Exercise instructions => In the listing below, find the line with "If we type something" and the line with "Hi there, this", then return them and every line between them exactly, minus the pictures.
Start of Provided material
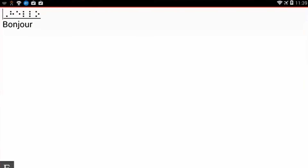Hello, and thanks for tuning in to another BrailleNote Touch version 3.0 snapshot video. My name is Greg Stilson. I'm HumanWare's product manager of Blindness Products. In this video, we're going to show several features in one video, all related to language, voice, and Braille table switching.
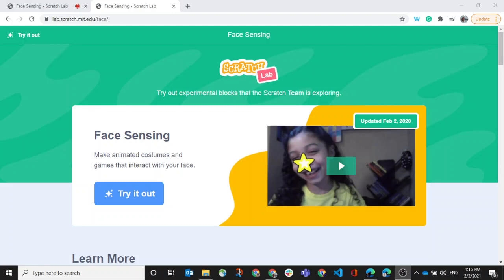Good afternoon. I'm excited to show off the Scratch Lab with the face sensing. So Scratch Lab is a new area that the Scratch team uses to sort of alpha test or beta test some of the cool things that they're coming out with.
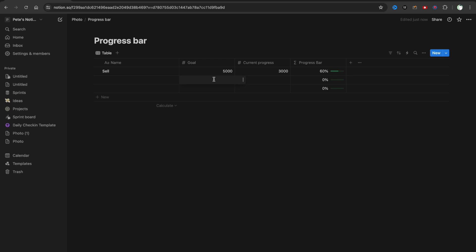If we type something here, for example, we need to sell 10,000 items but we sold only one, it will be 0.01 percent. And basically that's it.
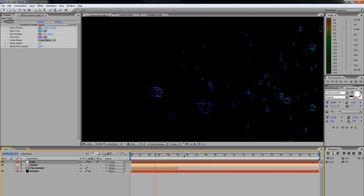From that point on, I did some basic keyframing of camera positions by linking the camera to a null object, making the null object a 3D layer, and then added some text with the trapcode shine plugin to get some real bursts of light from behind the text. And I keyed all that up with some music, some audio.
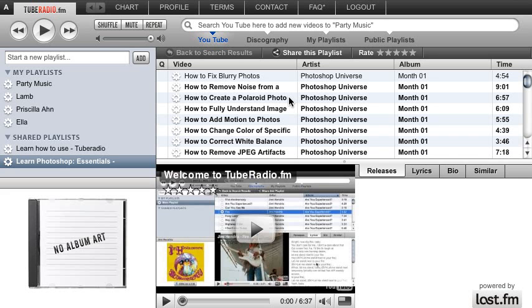Hi there, this is Roger from Photoshop Universe, and I want to show you something really cool that we've developed called Tuberadio.fm, which is a music video player for YouTube.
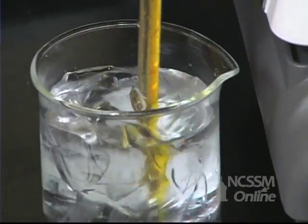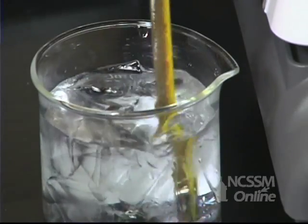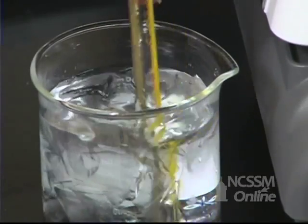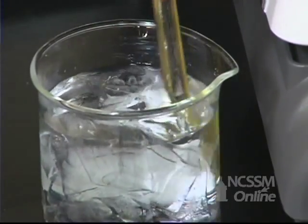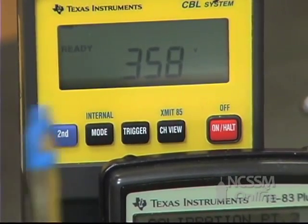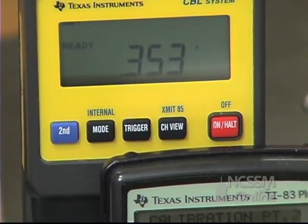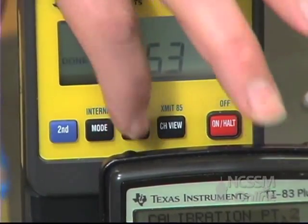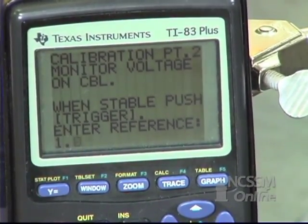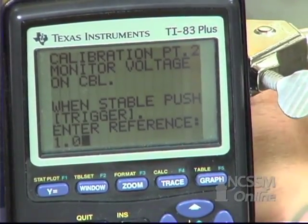We're now going to put the temperature probe and thermometer into an ice bath mixture. Again, we're going to wait until the reading on the CBL becomes stable. We're going to press trigger on the CBL and enter the temperature from the thermometer on the calculator.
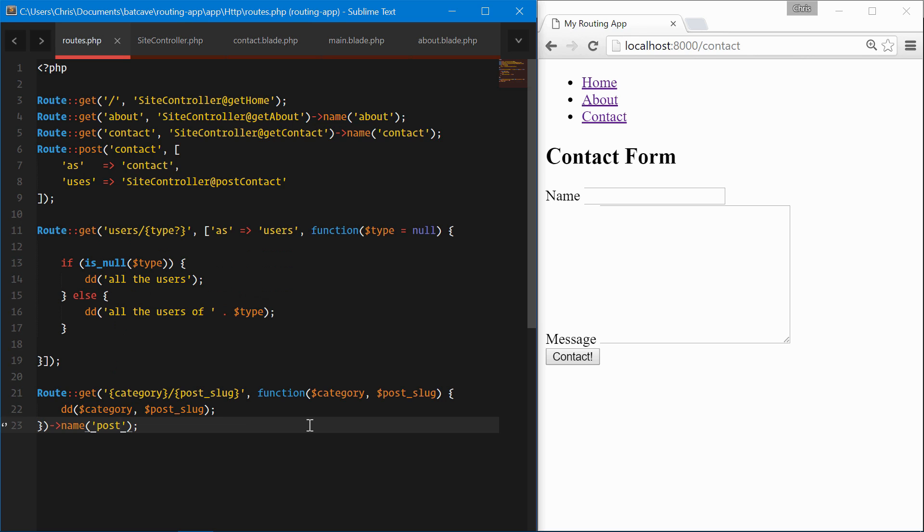All right, named routes give us a lot of flexibility when we're creating our views and we don't have to worry about going back and forth changing routes and changing view files. This is a very good practice to use in your own applications.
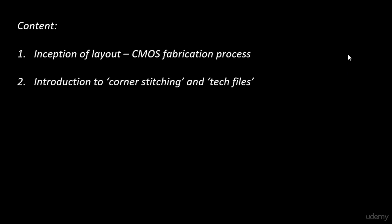Next we will be looking into the introduction to corner stitching and tech files. This is the step where we will actually download and install a magic tool. Magic is a software which is used to draw layouts and this particular topic will help you to understand how a tool behaves when we talk about layout. We will also look into how to build our own tech files and how the tech files represent your CMOS fabrication process. And then the corner stitching is the software part of it.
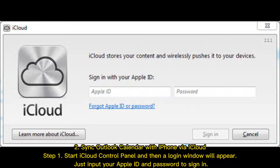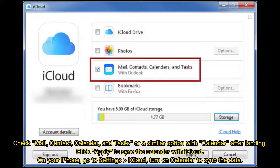Method 2: Sync Outlook Calendar with iPhone via iCloud. Step 1: Start iCloud Control Panel and a login window will appear. Input your Apple ID and password to sign in. Check Mail, Contact, Calendar, and Tasks or a similar option with Calendar after landing. Click Apply to sync the calendar with iCloud. On your iPhone, go to Settings > iCloud and turn on Calendar to sync the data.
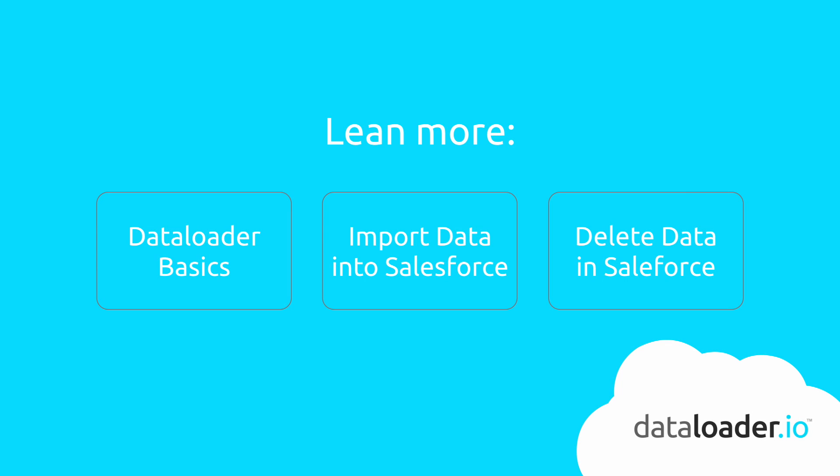Today we've shown you how to export data from Salesforce using Dataloader.io. If you want to learn more about Dataloader basics, or how to import or delete data in Salesforce, you can follow one of these links. Thank you.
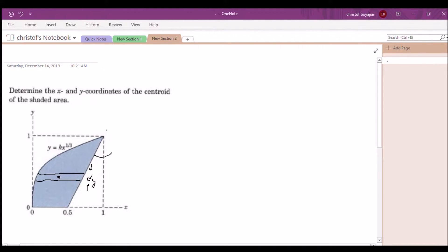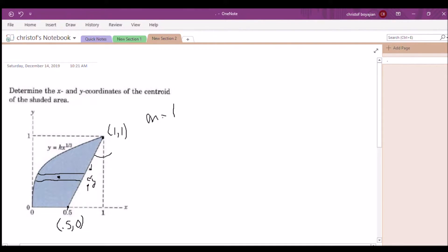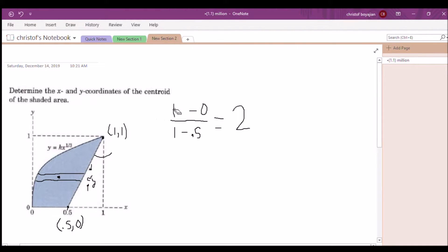Let's find the slope first. We need two points on this line. We can clearly see two endpoints: (0.5, 0) down here and (1, 1) up here. Using the slope equation — change in y divided by change in x — we get m = (1 minus 0) divided by (1 minus 0.5), which gives us a slope of 2.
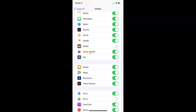To disable game center data syncing to iCloud, you have to disable this toggle button next to Game Center. You have to tap on it so that the slider moves to the left. Let me tap on it — and it's disabling. And it's now disabled.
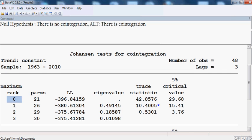At rank zero, the trace statistic of 42.85 is greater than the critical value of 29.68, so we reject the null hypothesis of no cointegration. Moving to rank one, the trace statistic of 10.4 is less than the critical value of 15.41, so we cannot reject the null hypothesis, meaning there is one cointegrating equation.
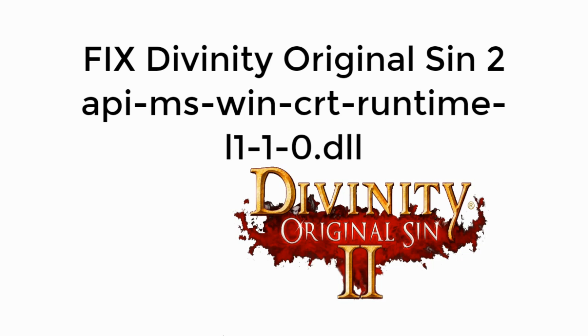Welcome back to Processing Brains. Today we will learn to fix Divinity Original Sin 2 Error API MS Runtime.dll is missing. So let's begin.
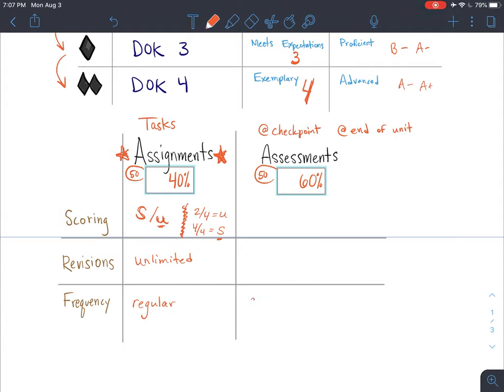Assessments are not going to happen very often. They occur at the checkpoints — the green circle and blue square checkpoints — and at the end of the black diamond, which is also the end of the unit. There may also be some pop quizzes or vocabulary quizzes at those early checkpoints.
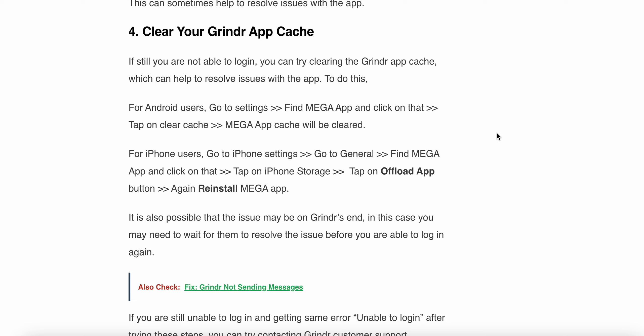The fourth one is clear your Grindr app cache. If you are still unable to login, you can try clearing the Grindr app cache, which can help to resolve the issue with the app. To do this for Android users, go to Settings, find the Grindr app, and click on the Data tab to clear the cache.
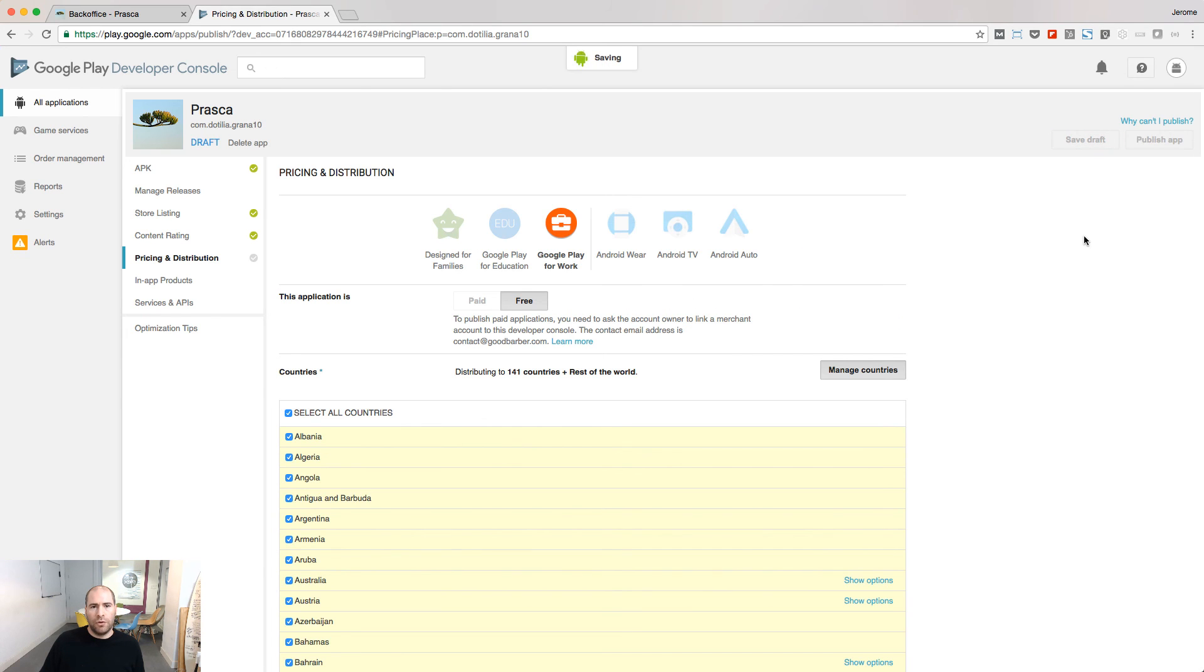Save your draft. Your app is now ready to be published. Click the Publish app button.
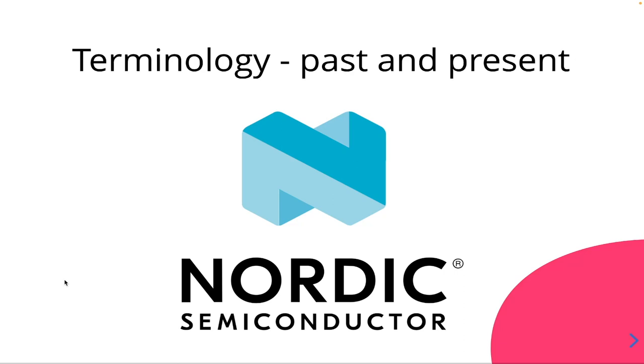Today we're going to look at the Nordic semiconductor terminology, and this is pretty crucial if you're a beginner and you want to continue an older project or you want to get started with a newer project.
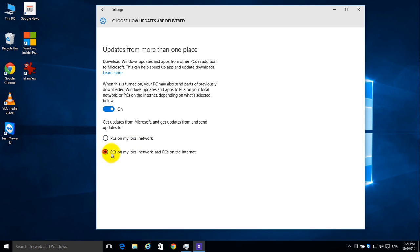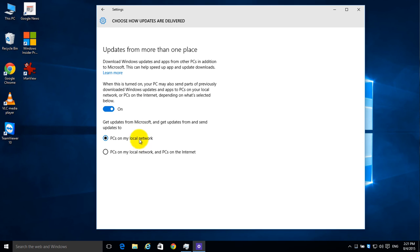But by default it says both on my local network and on the internet, so you're helping other people install updates, which is using a little bit of your bandwidth. So you can either shut it totally off or choose to limit it just to your local network.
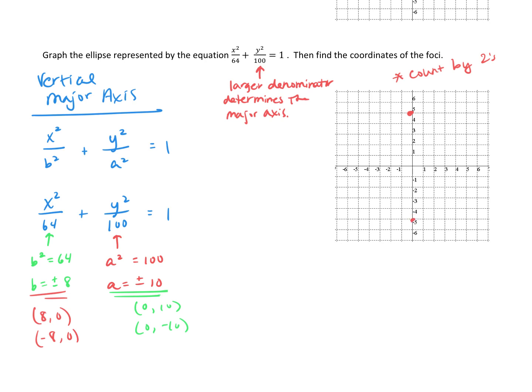Now the co-vertices are on the minor axis. We determined those to be (8, 0) and (-8, 0). Counting by 2's: 2, 4, 6, 8 — and then negative 8 is over there.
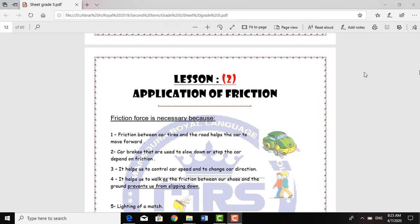Hello my dear students. Today we will continue talking about Fraction Force — its advantages and its disadvantages. This is for Grade 5, Unit 1, Lesson 2.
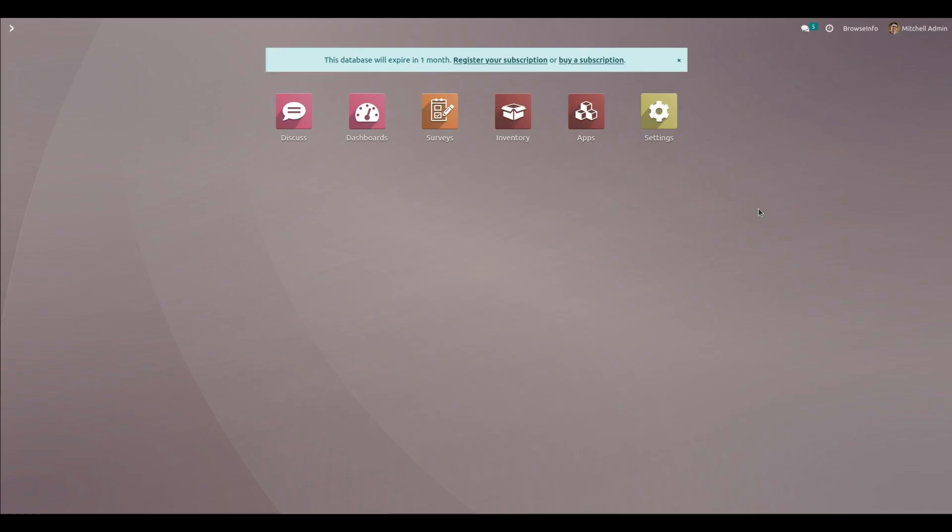Hello everyone. The export survey answer in Excel format app allows users to export survey results to Excel spreadsheets. After installing this module, we can see an export survey button in the survey.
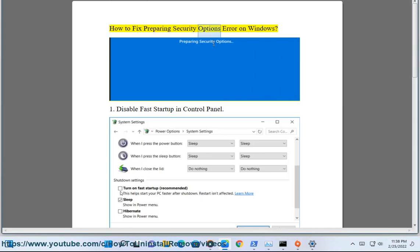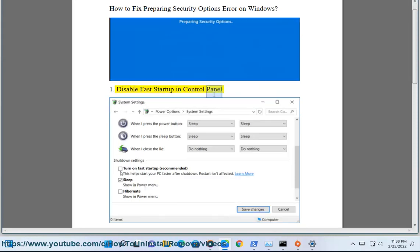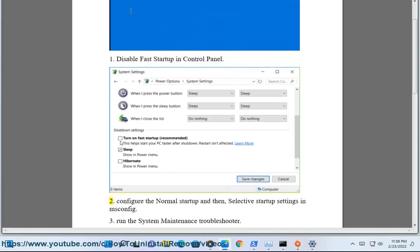How to Fix Preparing Security Options Error on Windows. Fix 1: Disable Fast Startup in Control Panel.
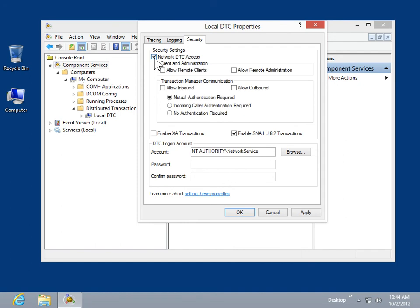Under Transaction Manager Communication, select the Allow Inbound and Allow Outbound checkboxes.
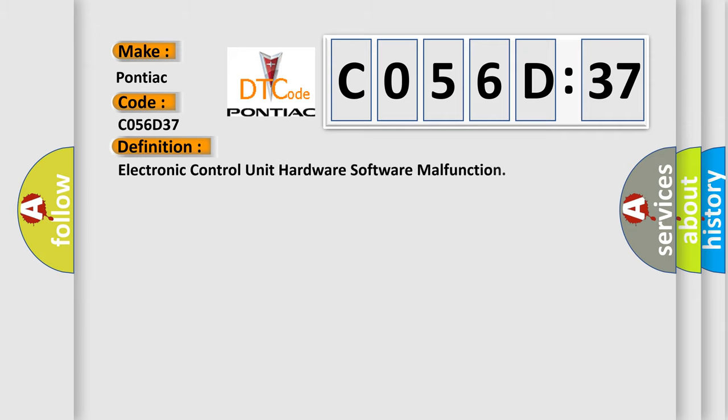The basic definition is: electronic control unit hardware software malfunction.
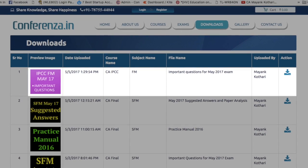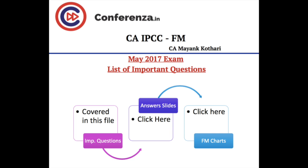One more thing I want to tell you: I have marked questions where maximum concepts are covered. What I've done is made an important questions file in which there are some questions covering maximum concepts in compact form. You can visit the conference.in website and download the important questions file for IPCC Financial Management for May 2017 exam. Download that file and use it — in that you will also get a link to the answer slides.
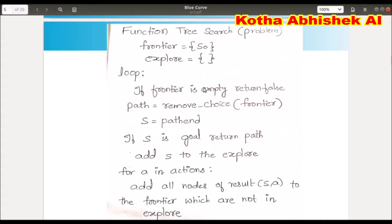We check if a node forms a loop using the Explore data structure. There is a loop check: if Frontier is empty, we don't continue. Otherwise, we process nodes from Frontier. The root node's children are added to Frontier.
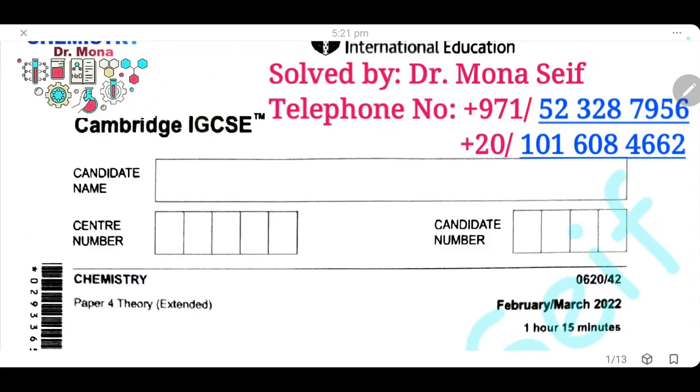As-salamu alaykum wa rahmatullah. Today, inshallah, we're going to solve the Cambridge exam, February/March 2022, paper 42. Let's start.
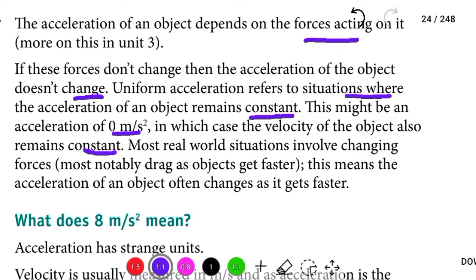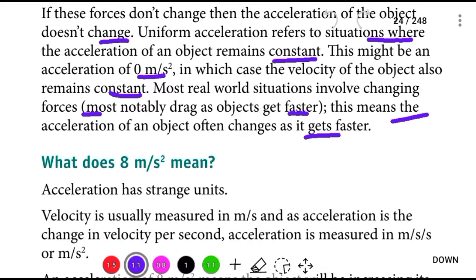Most real-world situations involve changing forces — most notably drag as an object gets faster. This means the acceleration of an object often changes as it gets faster.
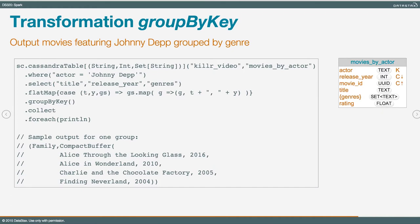For the family genre, we see Alice Through the Looking Glass, Alice in Wonderland, Charlie and the Chocolate Factory, and Finding Neverland — four films all with the family genre. At the time of this recording, Through the Looking Glass is not even released yet, so this is a little glimpse into the future.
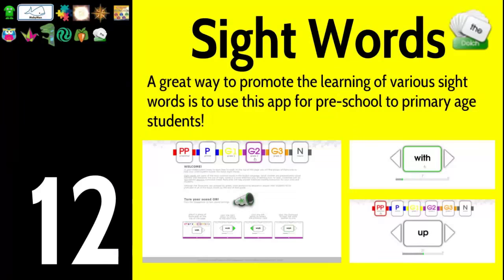Number twelve is Sight Words. It's a great way to promote learning of various sight words, and this is an app for preschool to primary age students where they can literally hear words as they go. They flip through about 40 to 50 sight words and just keep practicing — repetition, repetition, repetition.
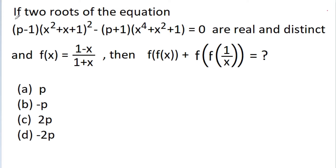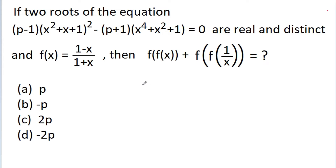In this video, we have given that if two roots of the equation (p-1)(x² + x + 1)² minus (p+1)(x⁴ + x² + 1) equals 0 are real and distinct, and f(x) is equal to (1-x)/(1+x), then we have to find the value of f(f(x)) plus f(f(1/x)). Basically we have given an equation and a function and we have to find the value of this expression.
End of Provided material
Response below =>
If we type something here, for example, we need to sell 10,000 items but we sold only one, it will be 0.01 percent. And basically that's it.
From that point on, I did some basic keyframing of camera positions by linking the camera to a null object, making the null object a 3D layer, and then added some text with the trapcode shine plugin to get some real bursts of light from behind the text. And I keyed all that up with some music, some audio.
Hi there, this is Roger from Photoshop Universe, and I want to show you something really cool that we've developed called Tuberadio.fm, which is a music video player for YouTube.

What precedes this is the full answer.